In order to implement Mao Zedong's instructions, four teachers were transferred to the agency to add three high school courses, and two part-time teachers were hired to open a university history class (taught by a teacher from Peking University) and a general English class (taught by Sun Shoumin, a cadre from the Security Bureau Office).

The Cultural Revolution impacted the cultural and educational work of Zhongnanhai, and the school was closed. After the 3rd Plenary Session of the 11th Central Committee of the Chinese Communist Party in 1978, Hu Yaobang initiated the restoration of the school. In 1981, the Zhongnanhai Cultural Tutorial School was officially established to provide high school courses for those who had not graduated from high school. In 1983, Zhongnanhai Amateur University was established, with a secretarial department and other subjects. On the eve of the graduation ceremony of the first batch of students in 1985, Hu Yaobang wrote the name of the school for the school.

In 1988, Zhongnanhai Amateur University participated in the establishment of Capital United Workers University.In 1993, the school became independent from the Capital United Workers University and was restored as the Zhongnanhai Amateur University.In 1993, the General Office of the CCP Central Committee decided to merge Zhongnanhai Amateur University into Beijing Institute of Electronic Science and Technology. In 2007, Zhongnanhai Amateur University was given a red card warning by the Ministry of Education and was not allowed to enroll students. As of September 30, 2021, according to the Ministry of Education website, Zhongnanhai Amateur University is still on the list of adult higher education institutions.

== Research ==

=== Scientific research platform ===
As of October 2019, the school has 2 teaching and research departments and 1 information security research institute. In March 2021, the Department of Electronics and Communication Engineering has built 3 electronic information engineering professional laboratories.

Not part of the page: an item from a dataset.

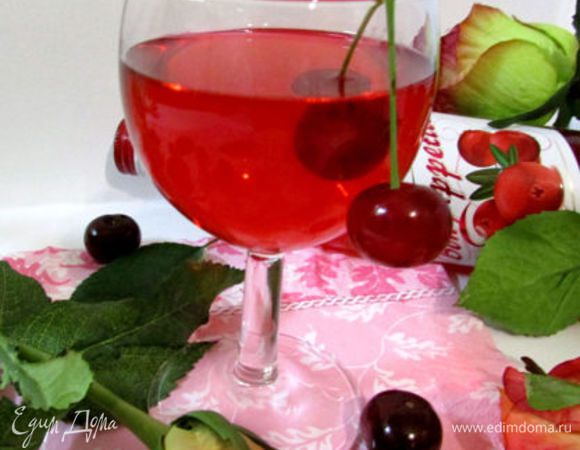 Перед подачей рекомендую охладить. Можно использовать кизил, малину, клубнику, смородину, клюкву.
Приятного аппетита!

P.S. Наливочку из клубники хранить 2 месяца. Наливочку с любой другой ягодой можно хранить до следующего сезона.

| Department | Name | Notes |
|---|---|---|
| Department of Humanities and Social Sciences, Beijing Electronic Science and Technology Institute | Humanities Education Research Center |  |
| Department of Ideological and Political Theory Teaching and Research, Beijing Electronic Science and Technology Institute | Ideological and Political Theory Teaching and Research Center |  |
| Information Security Research Department, Beijing Electronic Science and Technology Institute | Information Security Research Institute |  |
| Department of Electronics and Communications Engineering | Electronic Engineering Laboratory Analog Electronics Technology Laboratory Digital Electronics Technology Laboratory |  |

=== Academic Journals ===

==== Beijing Electronic Science and Technology Institute Journal ====
Beijing Electronic Science and Technology Institute Journal is a comprehensive academic journal sponsored by the university and approved by the National Press and Publication Administration. Focused on cybersecurity research, the journal publishes the institution's scientific and educational achievements. It aims to provide a platform for academic exchange and uphold high publishing standards, with the goal of becoming a leading journal in the field.

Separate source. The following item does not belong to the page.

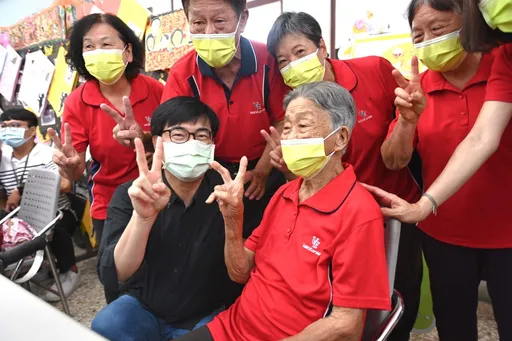 高雄政見PK|社宅闢銀髮家園全國唯一 陳其邁結合長照在地安老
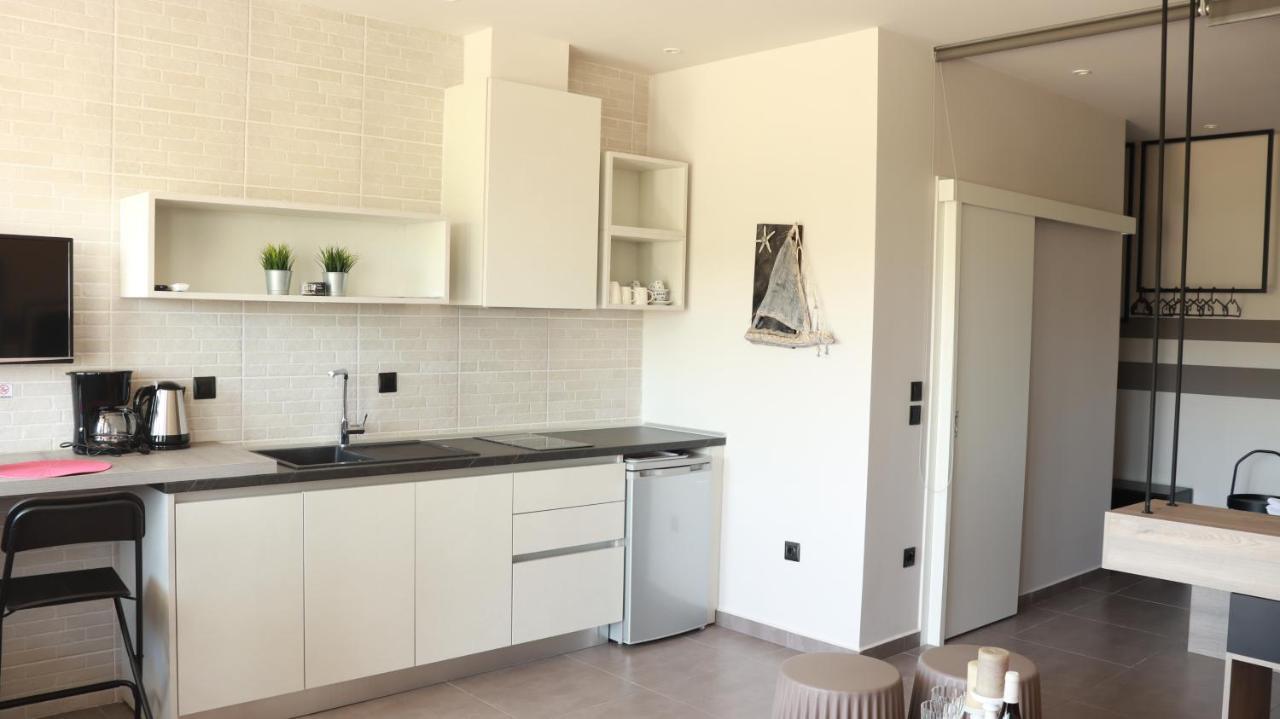 Siviri Suites Eksteriør bilde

The editorial management system includes an Editorial Board, responsible for overseeing editorial policies, and an Editorial Department, which handles the day-to-day publishing tasks. Key positions such as the Executive Editor and Section Editors ensure the journal maintains academic rigor and publishing quality. The review process involves multiple stages, including peer review and editorial checks, to guarantee the accuracy and scholarly value of all submissions.

Additionally, the journal organizes an annual award for outstanding papers, promoting high-quality contributions to the field. It is financially managed under the university's oversight and follows strict administrative guidelines to ensure efficient and transparent operations.

== Successive leaders ==

=== Beijing Electronic Science and Technology Institute ===

==== Current leaders (as of October 2023) ====

- Secretary of the Party Committee of the academy: Xu Tao
- Vice President: Qiao Xiaoli
- Vice President: Xiao Song
- Secretary of the Discipline Inspection Commission: Song Yang
- Vice President: Xie Sijiang
- Deputy Secretary of the Party Committee: Yao Siyuan

=== Zhongnanhai Amateur University ===

==== Honorary President ====

- Mao Zedong (1960-?)

==== Principal ====

- Liu Shaoqi (1948-?, President of the Amateur School of the Central Organs)
- Wang Jingxian (?-1960, President of the Zhongnanhai Organs Cultural School, deputy director of the Central Security Bureau)
- Wang Dongxing (1960-?, President of the Zhongnanhai Organs Cultural School, Director of the Central Security Bureau)
- Feng Wenbin (1981–1982, President of the Zhongnanhai Cultural Tutorial School, First Deputy Director of the General Office of the CCP Central Committee)
- Xu Ruixin (1987–1993, President of Zhongnanhai Amateur University, deputy director of the General Office of the CCP Central Committee)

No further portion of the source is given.